His latest book, “Ka Ngaro te Reo,” is one that all Kiwis should take note of. It tracks the factors that have led to the Maori language almost becoming a lost tongue.
Moon says: “If we use the analogy of a patient, then Te Reo Maori is on life support. The heart might be still pumping but the prognosis is pretty grim”.
Moon is right, the Maori language is in a perilous state and needs all the support that it can get.
Moon also believes Maori can hold governments directly responsible for where the language is today as successive governments were responsible for virtually outlawing Te Reo. Government policies made it clear that my parents and grandparents were not allowed to speak Te Reo at school and the consequences of that are you have had at least two generations of Maori who have grown up without their language.
If we didn't have a Maori language renaissance in the 1980s when Kohanga Reo and Kura Kaupapa started, then I think you could have put money on the language being dead today.
However, Moon says despite the renaissance we are still in dangerous waters and the ceremonial use of the language has created a false public perception of stability.
Moon says more resourcing should be made available for Te Reo and the Government needs to draft legislation and policy to promote speaking Maori in the public sector. This makes sense, what doesn’t make sense though is Moon’s view that New Zealanders should not be compelled to learn Te Reo. I would have thought that this would have been a natural conclusion for him.
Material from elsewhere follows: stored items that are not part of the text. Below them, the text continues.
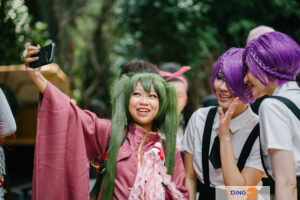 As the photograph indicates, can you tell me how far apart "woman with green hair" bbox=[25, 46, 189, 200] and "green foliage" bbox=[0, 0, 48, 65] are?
1.26 m

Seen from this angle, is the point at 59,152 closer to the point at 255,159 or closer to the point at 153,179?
the point at 153,179

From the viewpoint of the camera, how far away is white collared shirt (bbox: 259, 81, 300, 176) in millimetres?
1409

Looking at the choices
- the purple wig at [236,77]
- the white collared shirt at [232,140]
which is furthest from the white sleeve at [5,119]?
the purple wig at [236,77]

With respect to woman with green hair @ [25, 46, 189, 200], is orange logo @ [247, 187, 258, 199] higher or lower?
lower

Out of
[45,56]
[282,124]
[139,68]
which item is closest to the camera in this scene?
[282,124]

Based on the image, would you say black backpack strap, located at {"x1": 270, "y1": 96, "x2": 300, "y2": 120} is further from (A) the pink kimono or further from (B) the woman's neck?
(A) the pink kimono

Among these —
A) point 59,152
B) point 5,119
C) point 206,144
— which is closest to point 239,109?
point 206,144

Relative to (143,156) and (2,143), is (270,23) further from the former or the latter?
(2,143)

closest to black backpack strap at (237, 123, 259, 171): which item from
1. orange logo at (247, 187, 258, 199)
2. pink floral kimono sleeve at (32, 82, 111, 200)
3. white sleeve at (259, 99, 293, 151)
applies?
orange logo at (247, 187, 258, 199)

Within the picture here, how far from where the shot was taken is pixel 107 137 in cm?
204

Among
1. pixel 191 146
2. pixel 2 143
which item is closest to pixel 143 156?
pixel 191 146

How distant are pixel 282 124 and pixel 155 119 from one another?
968 mm

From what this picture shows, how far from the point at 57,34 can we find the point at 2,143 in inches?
299

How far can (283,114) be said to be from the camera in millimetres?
1433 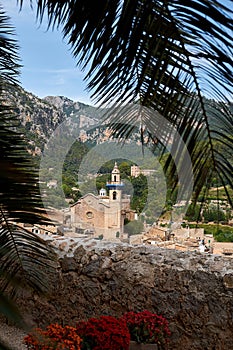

He trots out the standard nonsense that Kiwis hate being compelled to do anything. It may sound plausible but doesn’t take away the fact that New Zealanders are compelled or compulsorily have to do a lot of things.
Here's a few of them: We have to pay our taxes, we have to vote, we have to send our kids to school, we have to respect others in cafes and bars and not light up a smoke, we have to stop at the traffic lights when they turn red and I could go on and on.
However, the strangest point about this compulsion debate is how come it's oka for all Kiwi kids to compulsorily learn English at school but Maori is seen as one step too far?
It's always been my view that the language can only survive if our kids, Maori and Pakeha, grow up speaking Te Reo together. Te Reo should be compulsory in schools like English and maths. All the rubbish that is spouted about peoples’ freedoms being breached needs to stop.
No one will collapse or die if Maori becomes an integral part of the New Zealand curriculum. Maybe we shouldn’t use the word "compulsory" which is a word that somehow turns your average Pakeha into a political activist against Maori. Let’s just say Te Reo, like English and maths, will soon be available for every New Zealand child in their school.